There’s £3trn in UK pensions, but there’s also a hidden carbon footprint that could be affecting us all. Pension funds invest money on our behalf, but that money could go into companies, supply chains and industries that accelerate climate change, such as tobacco and fossil fuels.
Make My Money Matter is a campaign on a mission to empower people, giving them greater knowledge of the impacts of their investments and the confidence to challenge their pension providers to go green. The message is clear: by campaigning for responsible investments now, we’ll retire into a better, cleaner world in the future.
Make My Money Matter was co-founded by filmmaker and UN Sustainable Development Goals (SDG) advocate Richard Curtis and Jo Corlett, Department for International Development (DFID) Special Adviser. David Hayman, Campaign Director, says the driving force behind the campaign is to “help members of the public understand the extraordinary power of their pensions, and then use that power to address the growing climate emergency”.
According to a September 2022 report, FTSE100 Pensions Emissions, 72% of employees say it’s important that their employer invests their pension sustainably. Yet only 45% of UK CEOs and managing directors make any connection between their company pensions and climate change.
Petition for change
The people-powered campaign was launched in June 2020 and has already had a significant effect on the pensions industry: £1.3trn of pension money is now committed to robust net zero. More than 100 businesses have signed up to its Green Pensions Charter, including household names Tesco, IKEA, BAFTA and WWF. In the first initiative of its kind, the charter encourages signatories to explore how their staff pension scheme can align to net zero by 2050.
Make My Money Matter is urgently calling for the government and industry leaders to help drive this transition, through better investments and sustainable practice.

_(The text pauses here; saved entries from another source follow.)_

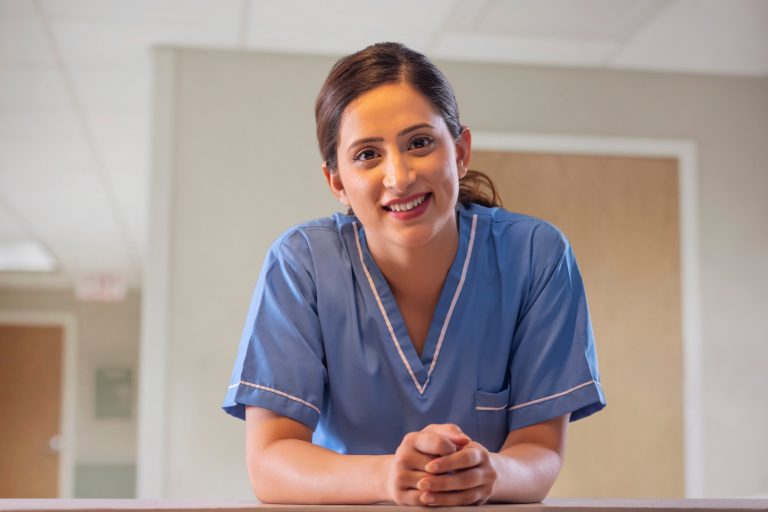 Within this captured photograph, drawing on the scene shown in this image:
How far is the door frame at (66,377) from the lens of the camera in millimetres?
8789

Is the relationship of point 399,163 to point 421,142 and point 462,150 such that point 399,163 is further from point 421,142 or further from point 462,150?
point 462,150

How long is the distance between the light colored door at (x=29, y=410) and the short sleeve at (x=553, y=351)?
319 inches

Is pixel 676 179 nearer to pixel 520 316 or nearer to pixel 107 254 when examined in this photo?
pixel 520 316

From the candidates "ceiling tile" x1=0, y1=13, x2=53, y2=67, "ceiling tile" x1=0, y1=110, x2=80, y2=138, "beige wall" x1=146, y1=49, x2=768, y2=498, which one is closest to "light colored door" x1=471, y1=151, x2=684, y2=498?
"beige wall" x1=146, y1=49, x2=768, y2=498

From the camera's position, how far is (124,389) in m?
9.69

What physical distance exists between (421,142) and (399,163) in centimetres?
6

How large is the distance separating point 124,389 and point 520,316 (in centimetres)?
899

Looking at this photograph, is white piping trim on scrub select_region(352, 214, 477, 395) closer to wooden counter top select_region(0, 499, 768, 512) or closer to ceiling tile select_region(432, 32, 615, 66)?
wooden counter top select_region(0, 499, 768, 512)

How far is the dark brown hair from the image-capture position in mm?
1227

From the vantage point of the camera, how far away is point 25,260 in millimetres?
8492

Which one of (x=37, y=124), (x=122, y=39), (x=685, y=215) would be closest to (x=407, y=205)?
(x=122, y=39)

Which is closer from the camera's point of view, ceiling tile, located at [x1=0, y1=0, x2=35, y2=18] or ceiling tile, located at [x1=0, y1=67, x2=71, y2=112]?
ceiling tile, located at [x1=0, y1=0, x2=35, y2=18]

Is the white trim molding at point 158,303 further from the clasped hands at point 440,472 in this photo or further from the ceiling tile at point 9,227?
the ceiling tile at point 9,227

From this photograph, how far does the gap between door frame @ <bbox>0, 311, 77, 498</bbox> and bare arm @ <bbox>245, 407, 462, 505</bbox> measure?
818cm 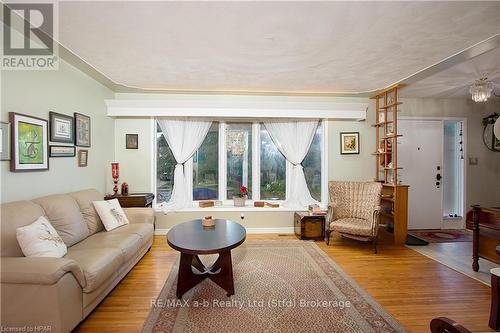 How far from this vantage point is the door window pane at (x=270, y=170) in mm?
4340

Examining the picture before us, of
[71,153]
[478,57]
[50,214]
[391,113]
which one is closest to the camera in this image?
[50,214]

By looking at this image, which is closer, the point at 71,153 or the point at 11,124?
the point at 11,124

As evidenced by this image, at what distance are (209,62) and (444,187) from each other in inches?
192

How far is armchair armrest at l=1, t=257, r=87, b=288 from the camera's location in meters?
1.51

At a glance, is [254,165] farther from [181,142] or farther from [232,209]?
[181,142]

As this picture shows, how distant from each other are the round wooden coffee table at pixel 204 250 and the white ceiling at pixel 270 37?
6.35 ft

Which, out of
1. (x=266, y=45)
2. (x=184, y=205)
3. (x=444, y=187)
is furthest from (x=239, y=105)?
(x=444, y=187)

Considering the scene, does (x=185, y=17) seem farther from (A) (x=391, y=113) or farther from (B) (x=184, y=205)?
(A) (x=391, y=113)

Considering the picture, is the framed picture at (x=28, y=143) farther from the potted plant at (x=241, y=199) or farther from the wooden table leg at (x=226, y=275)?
the potted plant at (x=241, y=199)

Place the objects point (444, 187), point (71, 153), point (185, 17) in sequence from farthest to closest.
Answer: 1. point (444, 187)
2. point (71, 153)
3. point (185, 17)

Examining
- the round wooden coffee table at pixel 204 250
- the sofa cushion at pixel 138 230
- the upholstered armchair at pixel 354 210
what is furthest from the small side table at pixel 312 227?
the sofa cushion at pixel 138 230

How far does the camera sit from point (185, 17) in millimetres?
1929

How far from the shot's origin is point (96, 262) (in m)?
1.91

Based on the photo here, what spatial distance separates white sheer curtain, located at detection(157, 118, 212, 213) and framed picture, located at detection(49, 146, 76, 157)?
140 cm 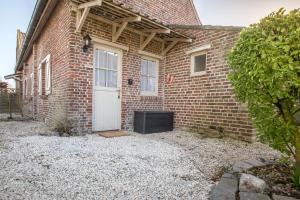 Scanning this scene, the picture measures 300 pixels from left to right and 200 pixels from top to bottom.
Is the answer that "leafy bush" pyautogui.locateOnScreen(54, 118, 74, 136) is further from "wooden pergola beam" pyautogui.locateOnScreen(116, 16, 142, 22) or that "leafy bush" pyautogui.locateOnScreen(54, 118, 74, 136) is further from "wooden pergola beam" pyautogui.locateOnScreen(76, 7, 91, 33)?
"wooden pergola beam" pyautogui.locateOnScreen(116, 16, 142, 22)

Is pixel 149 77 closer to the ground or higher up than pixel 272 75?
higher up

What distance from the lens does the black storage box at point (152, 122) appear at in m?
5.32

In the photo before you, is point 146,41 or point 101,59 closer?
point 101,59

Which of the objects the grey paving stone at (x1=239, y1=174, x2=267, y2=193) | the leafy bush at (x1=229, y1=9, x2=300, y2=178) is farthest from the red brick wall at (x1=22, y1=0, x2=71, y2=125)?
the grey paving stone at (x1=239, y1=174, x2=267, y2=193)

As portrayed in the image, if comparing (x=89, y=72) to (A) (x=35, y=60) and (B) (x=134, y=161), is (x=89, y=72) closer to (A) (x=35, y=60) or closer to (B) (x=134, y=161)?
(B) (x=134, y=161)

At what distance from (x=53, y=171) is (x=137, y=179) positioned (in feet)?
3.36

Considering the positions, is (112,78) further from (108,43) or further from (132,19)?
(132,19)

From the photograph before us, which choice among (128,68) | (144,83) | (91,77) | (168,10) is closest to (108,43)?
(128,68)

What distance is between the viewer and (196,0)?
1032 centimetres

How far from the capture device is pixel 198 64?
5730 mm

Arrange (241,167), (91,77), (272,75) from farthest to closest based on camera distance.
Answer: (91,77) → (241,167) → (272,75)

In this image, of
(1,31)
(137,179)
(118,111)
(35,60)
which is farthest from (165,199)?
(1,31)

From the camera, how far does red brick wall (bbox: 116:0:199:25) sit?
700 cm

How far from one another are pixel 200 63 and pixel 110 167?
4154mm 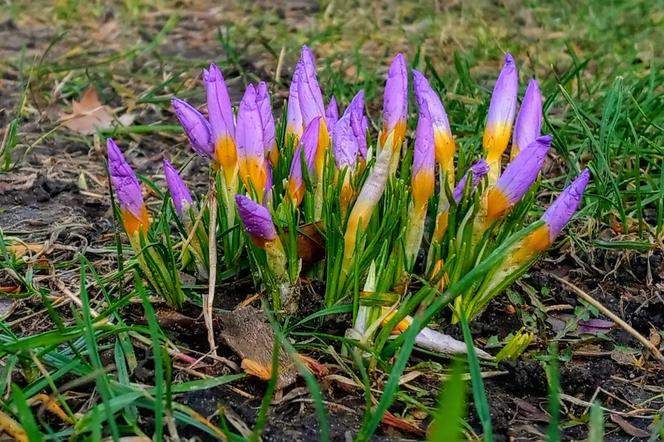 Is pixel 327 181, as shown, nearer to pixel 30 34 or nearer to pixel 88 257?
pixel 88 257

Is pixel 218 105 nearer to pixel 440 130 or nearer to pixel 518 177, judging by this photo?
pixel 440 130

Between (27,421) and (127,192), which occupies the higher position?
(127,192)

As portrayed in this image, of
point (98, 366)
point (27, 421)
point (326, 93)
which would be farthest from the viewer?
point (326, 93)

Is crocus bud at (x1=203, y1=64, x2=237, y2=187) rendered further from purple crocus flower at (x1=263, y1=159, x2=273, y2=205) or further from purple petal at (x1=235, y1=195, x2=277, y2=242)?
purple petal at (x1=235, y1=195, x2=277, y2=242)

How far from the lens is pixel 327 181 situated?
7.14 feet

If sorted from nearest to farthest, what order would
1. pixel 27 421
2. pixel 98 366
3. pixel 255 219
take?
pixel 27 421
pixel 98 366
pixel 255 219

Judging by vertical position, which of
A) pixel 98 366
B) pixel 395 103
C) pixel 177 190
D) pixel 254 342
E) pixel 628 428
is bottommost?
pixel 628 428

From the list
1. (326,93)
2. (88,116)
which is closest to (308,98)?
(326,93)

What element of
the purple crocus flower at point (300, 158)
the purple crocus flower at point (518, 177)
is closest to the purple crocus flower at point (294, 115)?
the purple crocus flower at point (300, 158)

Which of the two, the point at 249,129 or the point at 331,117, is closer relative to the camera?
the point at 249,129

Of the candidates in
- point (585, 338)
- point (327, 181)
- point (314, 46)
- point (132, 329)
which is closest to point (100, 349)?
point (132, 329)

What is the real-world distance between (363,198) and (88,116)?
2.13m

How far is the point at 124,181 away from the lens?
2059mm

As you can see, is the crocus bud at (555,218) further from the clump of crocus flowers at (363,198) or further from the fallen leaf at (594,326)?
the fallen leaf at (594,326) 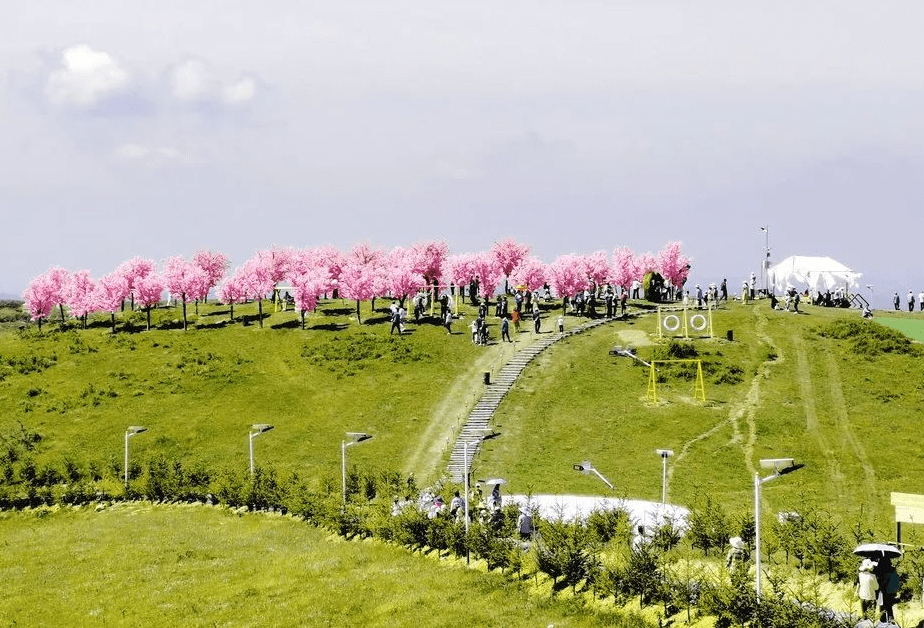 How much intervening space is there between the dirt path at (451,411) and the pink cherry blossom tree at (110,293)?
42.9 metres

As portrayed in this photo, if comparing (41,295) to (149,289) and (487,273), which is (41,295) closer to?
(149,289)

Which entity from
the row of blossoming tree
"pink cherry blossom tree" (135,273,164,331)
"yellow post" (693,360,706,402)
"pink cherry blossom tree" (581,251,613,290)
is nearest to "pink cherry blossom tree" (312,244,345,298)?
the row of blossoming tree

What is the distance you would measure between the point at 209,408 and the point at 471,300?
40.4 metres

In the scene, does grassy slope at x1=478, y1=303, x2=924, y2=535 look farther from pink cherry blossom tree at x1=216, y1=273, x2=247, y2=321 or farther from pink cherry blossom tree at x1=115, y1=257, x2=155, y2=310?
pink cherry blossom tree at x1=115, y1=257, x2=155, y2=310

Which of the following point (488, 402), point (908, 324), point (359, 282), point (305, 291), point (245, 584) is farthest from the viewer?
point (359, 282)

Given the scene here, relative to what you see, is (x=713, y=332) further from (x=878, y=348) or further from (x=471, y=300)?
(x=471, y=300)

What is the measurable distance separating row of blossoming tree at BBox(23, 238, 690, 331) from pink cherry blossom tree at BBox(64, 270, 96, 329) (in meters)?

They want pension funds to be transparent about how they’re taking environmental, social and governance (ESG) risks into account, and are aligned with the Paris Agreement.

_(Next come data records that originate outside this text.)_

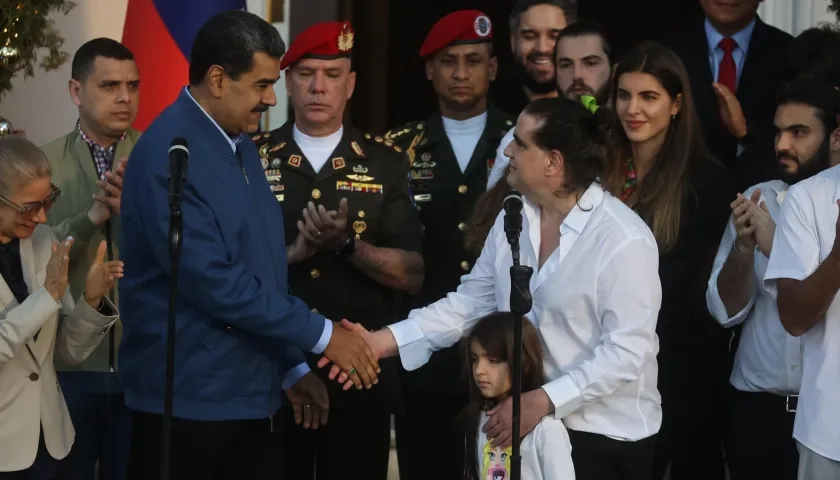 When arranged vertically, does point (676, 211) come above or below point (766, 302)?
above

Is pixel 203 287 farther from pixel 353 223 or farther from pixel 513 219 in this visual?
pixel 353 223

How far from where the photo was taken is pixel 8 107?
237 inches

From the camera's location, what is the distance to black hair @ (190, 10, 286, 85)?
3523 mm

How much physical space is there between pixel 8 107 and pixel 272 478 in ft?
10.1

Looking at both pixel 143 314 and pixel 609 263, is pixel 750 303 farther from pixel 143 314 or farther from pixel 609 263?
pixel 143 314

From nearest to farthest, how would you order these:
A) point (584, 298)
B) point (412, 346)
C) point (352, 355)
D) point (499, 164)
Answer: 1. point (584, 298)
2. point (352, 355)
3. point (412, 346)
4. point (499, 164)

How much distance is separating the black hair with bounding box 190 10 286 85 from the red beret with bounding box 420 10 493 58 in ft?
3.96

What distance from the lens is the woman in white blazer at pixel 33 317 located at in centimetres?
378

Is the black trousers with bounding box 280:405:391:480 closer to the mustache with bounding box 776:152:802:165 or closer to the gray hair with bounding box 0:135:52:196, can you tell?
the gray hair with bounding box 0:135:52:196

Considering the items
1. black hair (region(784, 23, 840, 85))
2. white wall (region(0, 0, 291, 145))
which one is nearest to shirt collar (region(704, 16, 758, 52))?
black hair (region(784, 23, 840, 85))

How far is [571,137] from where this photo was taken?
3555mm

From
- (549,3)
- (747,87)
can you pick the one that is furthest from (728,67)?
(549,3)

Through in-depth carbon savings research, the organisation found that making your pension green is 21 times more effective than giving up flying, becoming vegetarian or even switching energy provider. As a result, it is encouraging the public to take the ‘21x challenge’. There have been some big wins. Tens of thousands of people have already taken action, from signing the ongoing Make My Money Matter petition to directly contacting their pension providers for answers. Meanwhile, there’s been an 85% increase in awareness of the link between pensions and climate change.
Despite the campaign’s overwhelming support, there have been challenges. Hayman admits that communicating information about pensions is never easy, especially over the past few years. Focusing on the potential for impact has been crucial to getting people on board in such uncertain times: “People’s concerns have been impacted by COVID-19, global conflict and the current cost-of-living crisis. We’ve been able to activate the public by showing the power of our money to make a positive difference and ensuring people understand it doesn’t have to cost them anything,” he explains.

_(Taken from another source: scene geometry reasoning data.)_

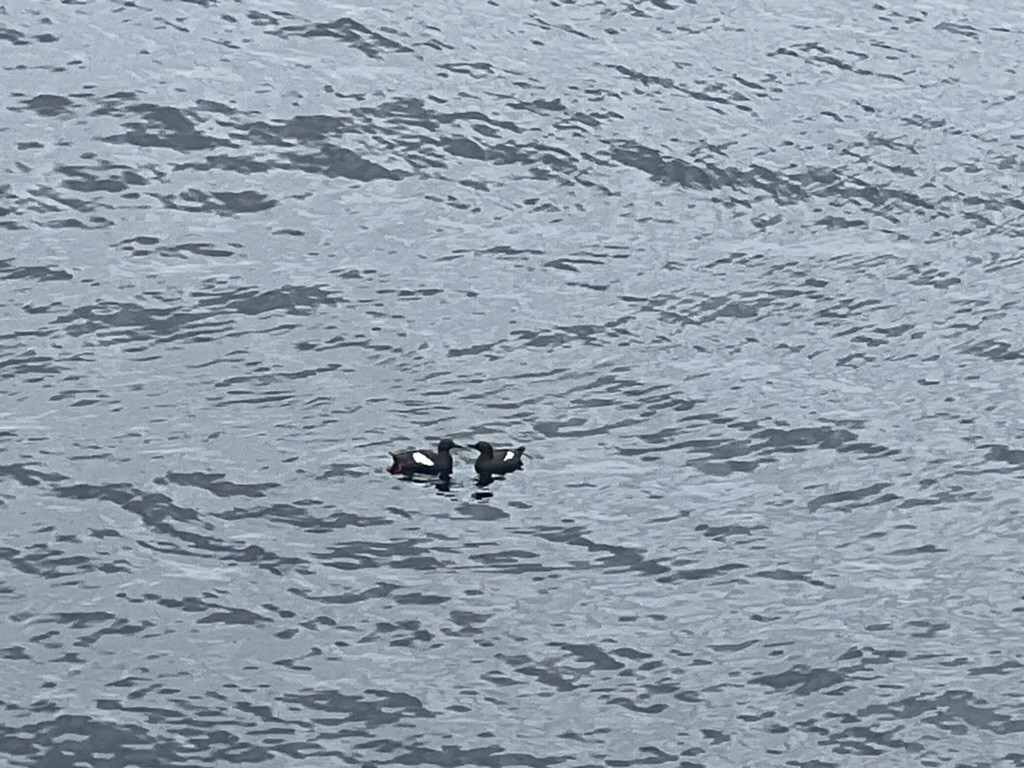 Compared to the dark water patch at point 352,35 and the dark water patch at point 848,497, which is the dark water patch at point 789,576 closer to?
the dark water patch at point 848,497

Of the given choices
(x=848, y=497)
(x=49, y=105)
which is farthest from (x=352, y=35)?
(x=848, y=497)

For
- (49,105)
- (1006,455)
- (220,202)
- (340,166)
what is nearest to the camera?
(1006,455)

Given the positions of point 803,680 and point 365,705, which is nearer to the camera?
point 365,705

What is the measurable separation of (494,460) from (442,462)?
0.81 m

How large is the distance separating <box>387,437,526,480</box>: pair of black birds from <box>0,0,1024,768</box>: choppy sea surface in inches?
14.4

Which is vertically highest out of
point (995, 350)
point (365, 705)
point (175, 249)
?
point (995, 350)

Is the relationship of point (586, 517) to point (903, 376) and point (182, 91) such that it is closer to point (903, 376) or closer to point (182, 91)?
point (903, 376)

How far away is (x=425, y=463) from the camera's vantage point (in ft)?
100

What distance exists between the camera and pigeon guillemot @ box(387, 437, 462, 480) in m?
30.5

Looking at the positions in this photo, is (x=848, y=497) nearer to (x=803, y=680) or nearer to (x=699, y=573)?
(x=699, y=573)

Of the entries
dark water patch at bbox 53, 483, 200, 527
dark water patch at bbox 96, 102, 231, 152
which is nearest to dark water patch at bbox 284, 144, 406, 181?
dark water patch at bbox 96, 102, 231, 152

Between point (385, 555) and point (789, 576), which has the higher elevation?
point (789, 576)

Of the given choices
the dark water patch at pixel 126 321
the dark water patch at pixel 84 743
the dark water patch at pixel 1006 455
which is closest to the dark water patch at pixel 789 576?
the dark water patch at pixel 1006 455

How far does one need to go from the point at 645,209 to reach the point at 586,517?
1029 centimetres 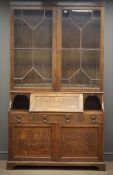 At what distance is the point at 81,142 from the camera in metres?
4.80

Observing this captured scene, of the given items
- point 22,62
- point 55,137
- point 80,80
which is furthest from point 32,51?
point 55,137

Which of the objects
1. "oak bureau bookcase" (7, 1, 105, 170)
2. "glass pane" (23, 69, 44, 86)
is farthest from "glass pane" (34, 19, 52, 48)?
"glass pane" (23, 69, 44, 86)

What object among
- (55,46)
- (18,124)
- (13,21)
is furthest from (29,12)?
(18,124)

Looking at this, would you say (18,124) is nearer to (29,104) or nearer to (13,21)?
(29,104)

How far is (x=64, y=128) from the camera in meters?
4.80

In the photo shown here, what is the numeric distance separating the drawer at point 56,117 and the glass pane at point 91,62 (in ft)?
2.10

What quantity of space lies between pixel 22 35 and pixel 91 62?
3.47 feet

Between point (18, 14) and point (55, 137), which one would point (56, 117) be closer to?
point (55, 137)

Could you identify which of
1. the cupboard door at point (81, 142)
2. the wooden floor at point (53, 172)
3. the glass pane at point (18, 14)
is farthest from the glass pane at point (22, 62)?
the wooden floor at point (53, 172)

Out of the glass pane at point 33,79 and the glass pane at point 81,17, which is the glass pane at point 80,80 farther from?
the glass pane at point 81,17

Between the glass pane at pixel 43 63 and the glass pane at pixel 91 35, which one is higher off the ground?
the glass pane at pixel 91 35

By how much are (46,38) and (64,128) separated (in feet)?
4.28

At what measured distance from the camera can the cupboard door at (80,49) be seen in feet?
16.2

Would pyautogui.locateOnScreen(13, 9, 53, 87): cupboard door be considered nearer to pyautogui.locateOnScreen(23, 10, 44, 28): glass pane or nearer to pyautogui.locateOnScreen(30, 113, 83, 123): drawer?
pyautogui.locateOnScreen(23, 10, 44, 28): glass pane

Make My Money Matter has also found another gap in the market: Hayman suggests a new campaign will launch focusing on banking, helping millions of UK bank account holders demand more. But greener pensions will stay on their list of priorities – Hayman stresses they will continue to hold pension funds to account on their commitments: “We want to take our campaign global, so we can make our money matter everywhere.”
Released earlier this month, the campaign’s first ever Climate Action Report highlights both the progress made by industry leaders and the critical gaps that schemes must address in 2023. It lists key recommendations and measures that schemes should take to achieve meaningful change – from setting short-term targets to active stewardship – making it a vital resource for businesses.